December 29, 1944

This letter was written from Treasure Island, Dart’s pre-embarkation point. He arrived this morning and the place feels like home, even though everyone is confined behind a high barbed-wire fence with no phones or letters allowed. The men appreciate the quality of Treasure Island chow, especially since the entire huge draft is suffering some intestinal distress from something they ate yesterday at Shoemaker.

“We are here for ___ hours, so unless those hours are lengthened, this will be my last letter for sometime, and those to follow will have to conform with the whim of the censuring officers.”

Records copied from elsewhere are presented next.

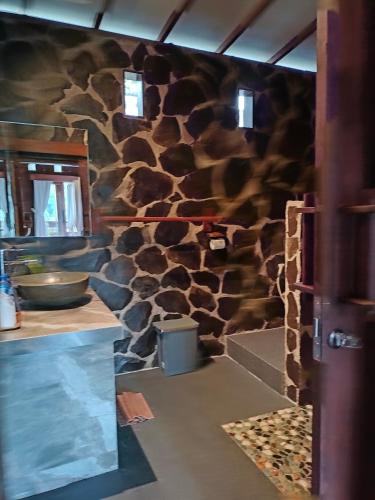 a kitchen with a wall covered in fake rocks at BINTANG MUNDUK in Munduk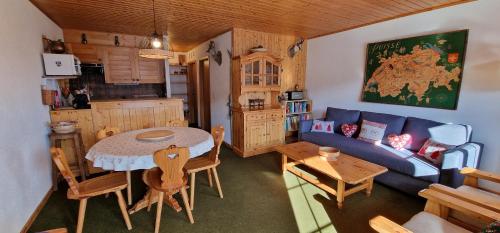 een woonkamer met een blauwe bank en een tafel bij Edelweiss 6 in Champoussin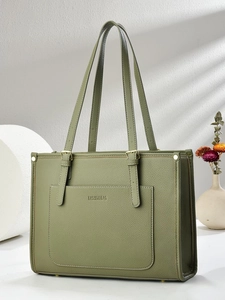 Close-up of dark green lychee grain leather tote bag featuring gold hardware and embossed logo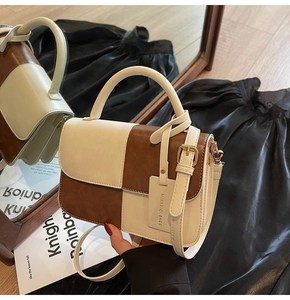 Close-up of contrast color handbag with adjustable strap and designer brand tag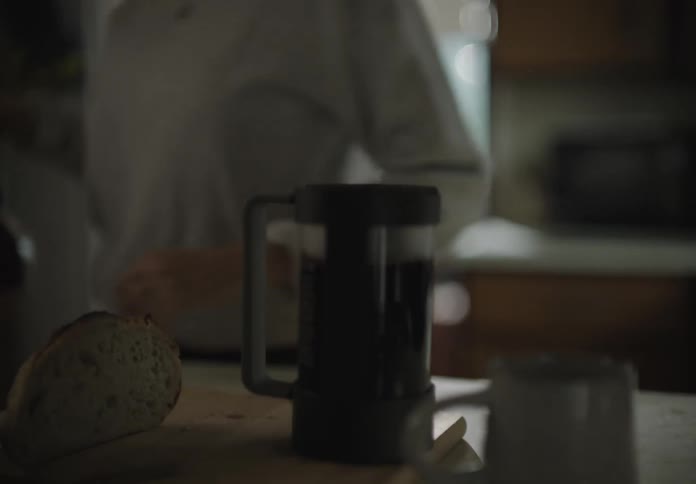 A white woman puts hot water into a large mug in a kitchen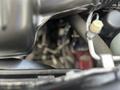 Close-up view of the engine compartment of a 2015 Jeep Grand Cherokee showing various mechanical components and hoses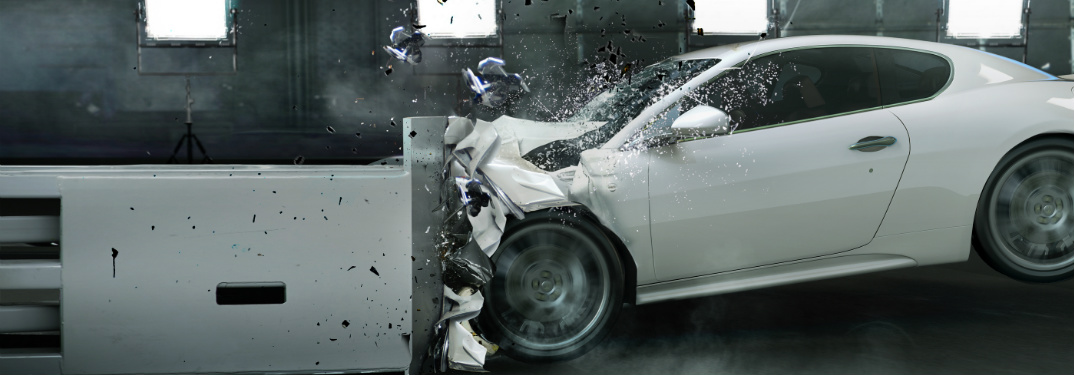 White vehicle slams into a metal barrier in some kind of crash test in a factory.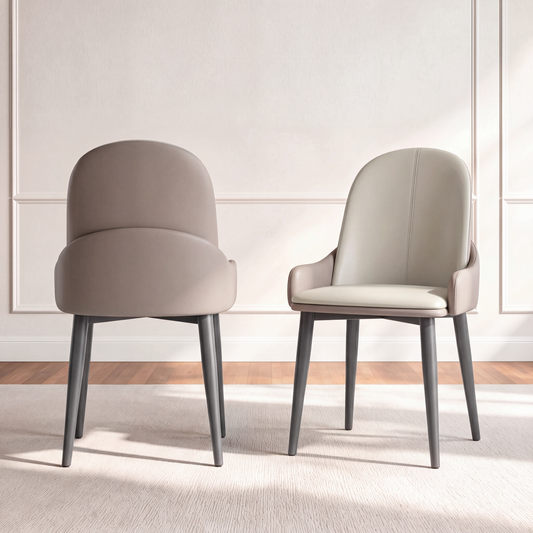 Two gray dining chairs with rounded backs, wraparound side panels and dark tapered legs, front and rear views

He tells Dot that all letters posted from the barracks here will be held for six days before being released to their destination. Somewhere around January 10, she’ll be getting word of today’s happenings.

Dart, as always, finds  the right tone to describe his thoughts as he pens his last letter from the USA. I’ll include it here, verbatim.

“I wish now I could think of all the things I wanted to say in this letter. For a last States-side letter, this seems rather ineffectual. I wanted to mention the beautiful moon of last night when I looked at it and hoped you were watching it, too. It would have been beautiful on a snowy carpet, or coming through a window into a room where the only other light came from a crackling fire and the glow of two pairs of eyes. (Ours?)”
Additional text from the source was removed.